Não podemos falar de paz porque ela não vai existir enquanto Vladimir Putin estiver no poder", afirma.

"A única maneira de garantir a paz, a estabilidade e a segurança do continente europeu a longo prazo, é através de uma Rússia democrática, que respeite as leis, os direitos e as liberdades de seus próprios cidadãos e também que respeite as fronteiras dos vizinhos e as normas de comportamento civilizado no mundo", disse. "Porque na Rússia, a repressão interna e a agressão exterior vão sempre juntas", ressaltou.

Acordo com libertação de reféns

Kara-Murza acredita que um "cessar-fogo é possível". Mas para ele, todo acordo de paz deve também pedir a libertação de todos os prisioneiros políticos. "Até agora vemos as negociações entre representantes da administração Trump nos Estados Unidos e o regime de Putin na Rússia. Eles falam de minérios, de volta de empresas americanas à Rússia, do congelamento de bens russos. Eles falam sempre de dinheiro", diz. "Por isso é importante que a União Europeia questione sobre a libertação de todos os presos desta guerra porque há centenas de milhares de vidas humanas perdidas, mas ainda é possível salvar milhares", insiste. 

Ele lembra que, de acordo com organizações de defesa dos direitos humanos, mais de 1.500 pessoas estão presas na Rússia por razões políticas.

Sobre a política atual dos Estados Unidos, o opositor denuncia uma postura "vergonhosa" e "contraprodutiva", porque normaliza a reaproximação e as relações com Vladimir Putin, um líder que está no poder há 25 anos mediante manobras políticas para driblar o limite constitucional vigente na Rússia de dois mandatos, ressalta. "Além disso, ele é um assassino porque sobre suas ordens dois dos principais líderes da oposição democrática russa, Boris Nemsov e Alexei Navalny, foram assassinados", lembra.  

Sede de democracia 

Segundo Kara-Murza, milhões de pessoas na Rússia são contra a guerra e o regime de Putin e "querem um país normal, civilizado, europeu e democrático". "Isso ficou claro no ano passado, durante a farsa que foram nossas eleições presidenciais. Boris Nadejdin, advogado e ex-deputado do Parlamento russo, se apresentou como candidato antiguerra", conta, em referência ao único tentar rivalizar com Putin nas urnas em de março do ano passado, mas que teve sua candidatura rejeitada pela Comissão Eleitoral do país. "A reação da sociedade foi incrível. Vimos em toda a Rússia filas de espera enormes de pessoas que queriam assinar petições para registrar o candidato", lembra. 

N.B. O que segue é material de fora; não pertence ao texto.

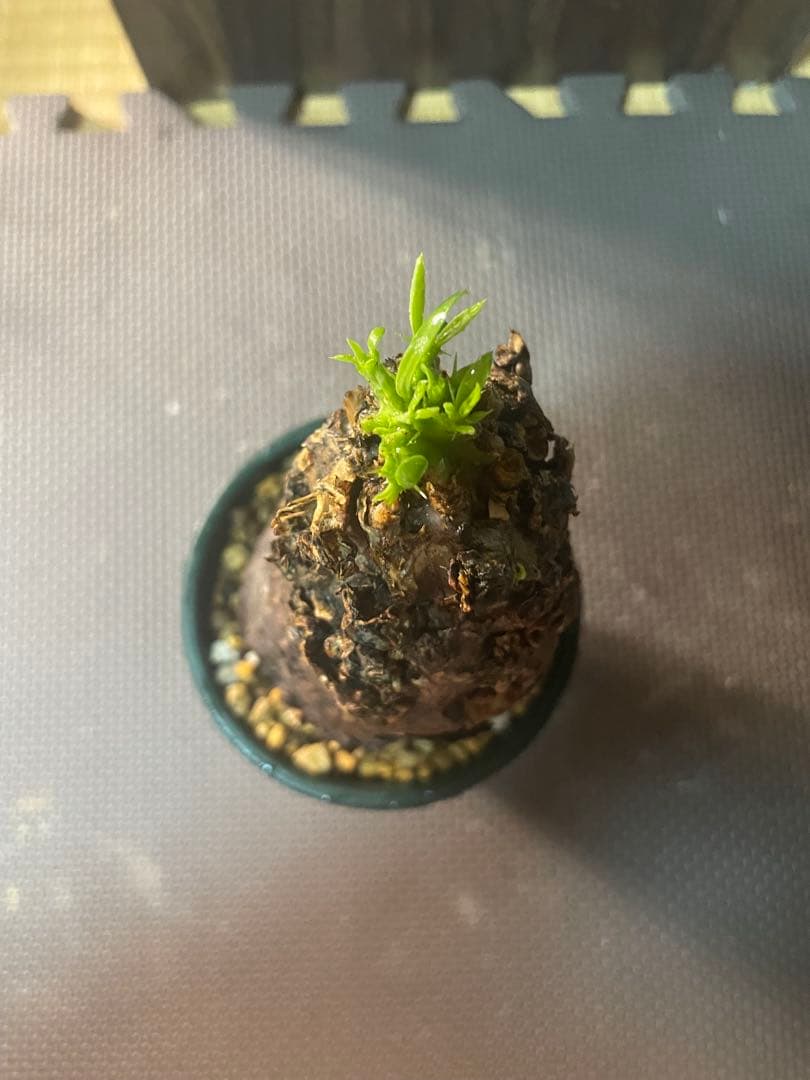 ※*t様 ユーフォルビアムランジーナ　現地株　発根済み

"A propaganda de Putin quer que todo mundo acredite que todos os russos apoiam a guerra e o regime. Eles podem fraudar eleições, podem falsificar pesquisas, mas não podem fazer nada com imagens de milhares de pessoas em toda a Rússia que acreditam em um futuro democrático e pacífico", diz. 

Há uma sede democrática na Rússia", afirma.  

Kara-Murza passou dois anos e três meses na prisão e 11 meses em total isolamento, situação que, de acordo com leis internacionais de direitos humanos, representa tortura.

As condições de detenção do opositor eram tão extremas que ele tinha direito a um papel e uma caneta durante apenas meia hora por dia. Ele também não tinha direito de se comunicar com a família. "Vou ser honesto, é muito difícil, nessas condições, não ficar louco", confessa.  

Para se distrair ele aprendeu espanhol. "Eu tinha um livro que lia todo o tempo de manhã até a noite, eu aprendia espanhol e claro, pensava que nunca iria usar porque, como disse, achava que nunca sairia", relembra. "Mas há algumas semanas eu estava em Madri para me encontrar com deputados espanhóis", conta.

Eu me sentia livre mesmo na prisão porque sempre tive minhas convicções, meus princípios. Eles podem me colocar em prisão fisicamente, mas eles não podem prender meu espírito", diz. 

Kara-Murza diz que prefere não pensar que sua vida pode estar ameaçada do governo russo para não cair na "paranoia". "Eu sei que o que eu faço é o certo e que eu estou do lado certo da história. Então eu sei também que o que fazemos com meus colegas da oposição democrática russa é importante e eu vou continuar a fazer apesar de tudo", afirma.